Eurosceptics and "conservatives" together with Trump want to destroy the "system" and "drain the swamp". The Trump administration works to split up Europe – Washington does not need a united and strong Europe: America has a difficult time manipulating and dominating a large integrated economy and bureaucracy. To dismember Europe and then trample underfoot the individual members is an excellent plan to destroy competition – Trump style.
But what is “the alternative”? "The Europe of Nations" – as in the 1930s? The Europe of nationalist states with endless territorial and commercial claims to each other? Europe, which began two world wars and dragged Russia into them? Yes, we won but suffered the heavest losses in these wars.

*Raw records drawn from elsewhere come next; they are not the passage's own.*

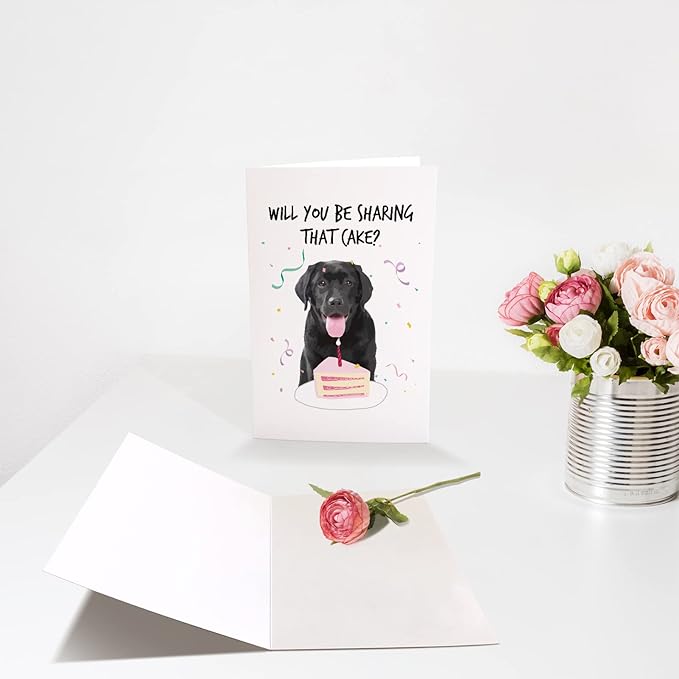 Funny Dog Birthday Card, Birthday Card from Dog, Happy Birthday Card for Dog Owner, Labrador Will You Be Sharing That Cake Bday Card
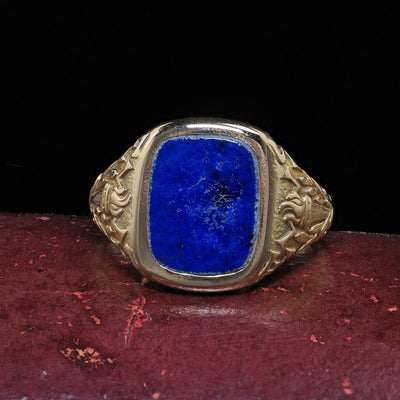 Antique Art Deco Tiffany and Co 14K Yellow Gold Lapis Engraved Ring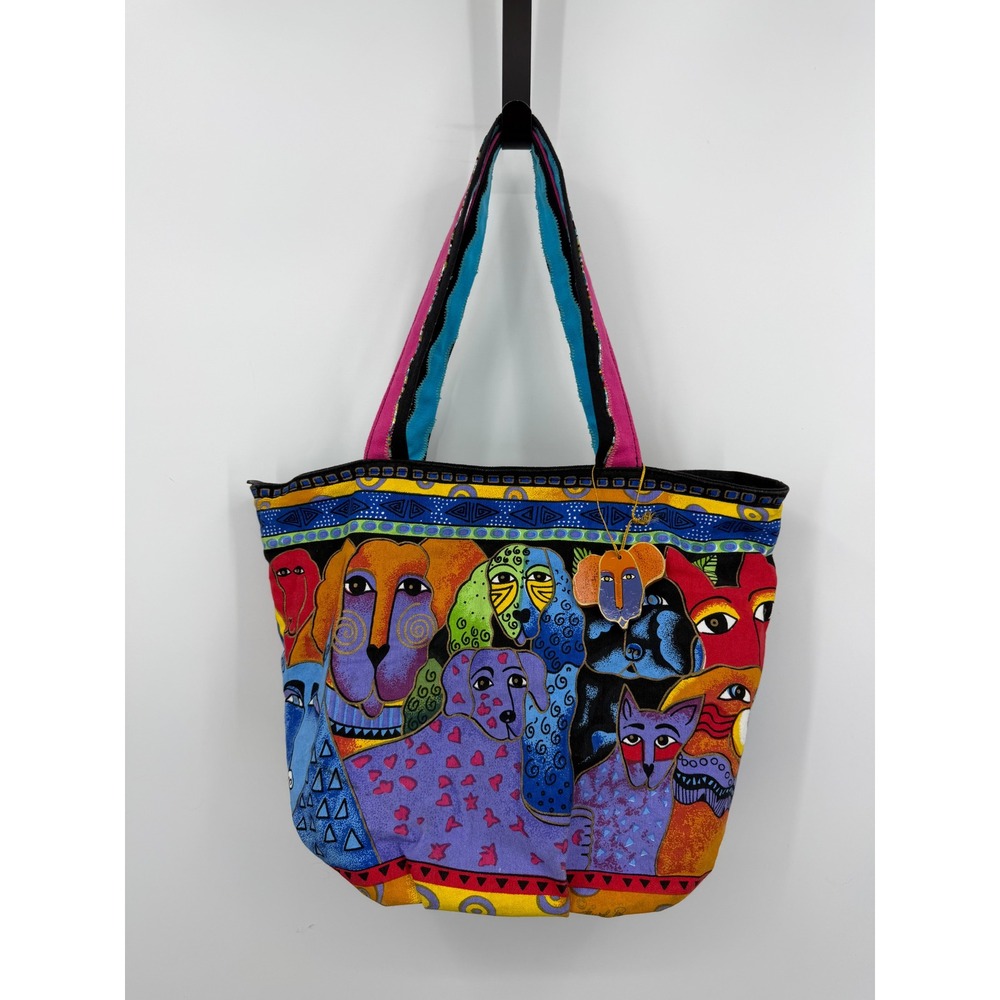 Laurel Burch Dog & Cat Pop Art Tote Bag Womens Large Multicolor Beaded Strap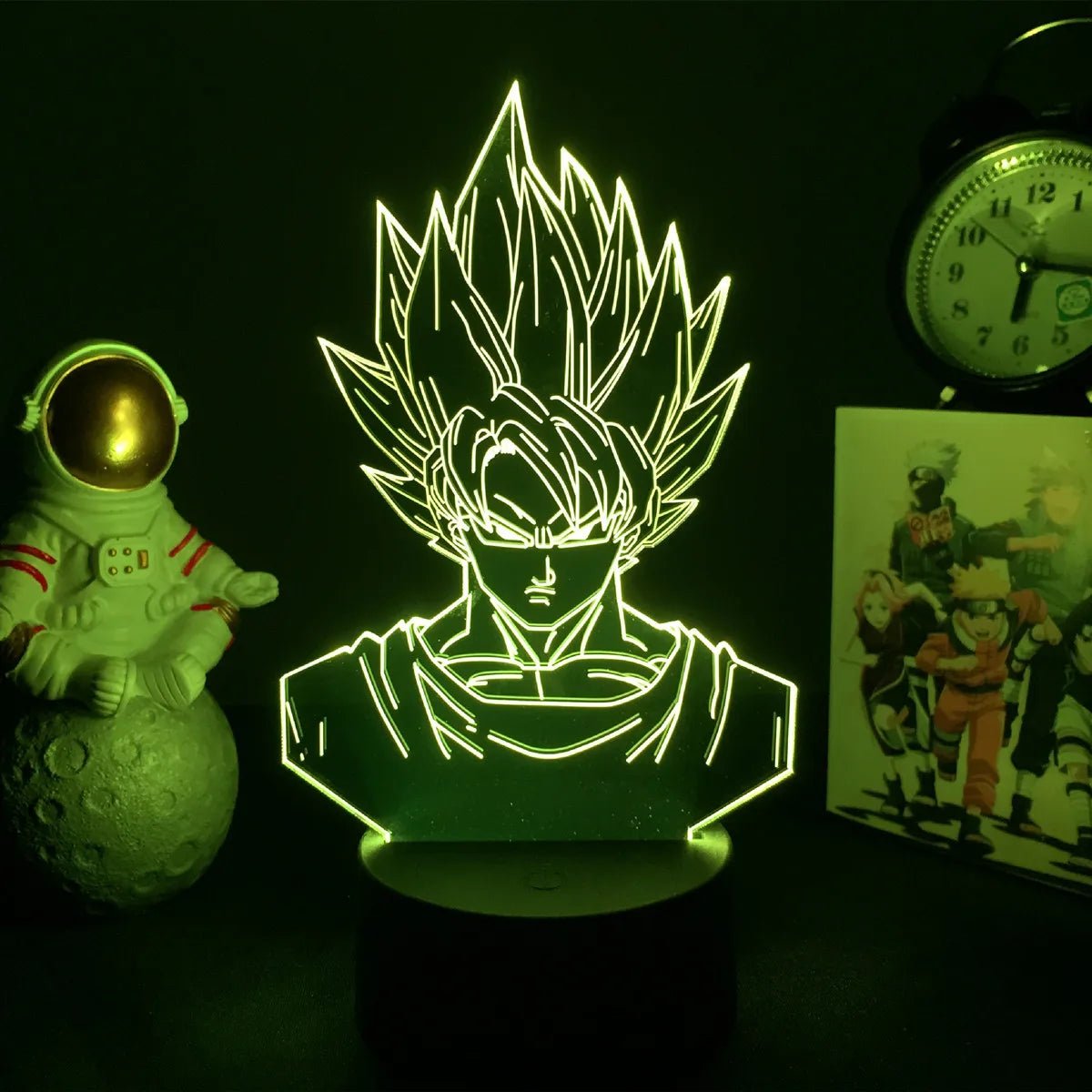 Lampe Enfant LED 3D Dragon Ball Goku Super Saiyan en acrylique, veilleuse design avec télécommande - Luminous Place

Consequences – in Europe and in Russia
In Russia few people know the background discussed above. But in European countries the true "values" and aspirations of the Right-wing parties are not a secret for anyone. The overwhelming majority of Europeans categorically reject them. More than 60% of the French claim that they will never vote for the National Front. Therefore, when Marine Le Pen says something positive about Russia, the majority of the French reject the “Russia” friendly to Le Pen. With her praise all the negative ultra-Right racism and anti-Semitism accumulated by the generations of Le Pen family are now transferred to our country.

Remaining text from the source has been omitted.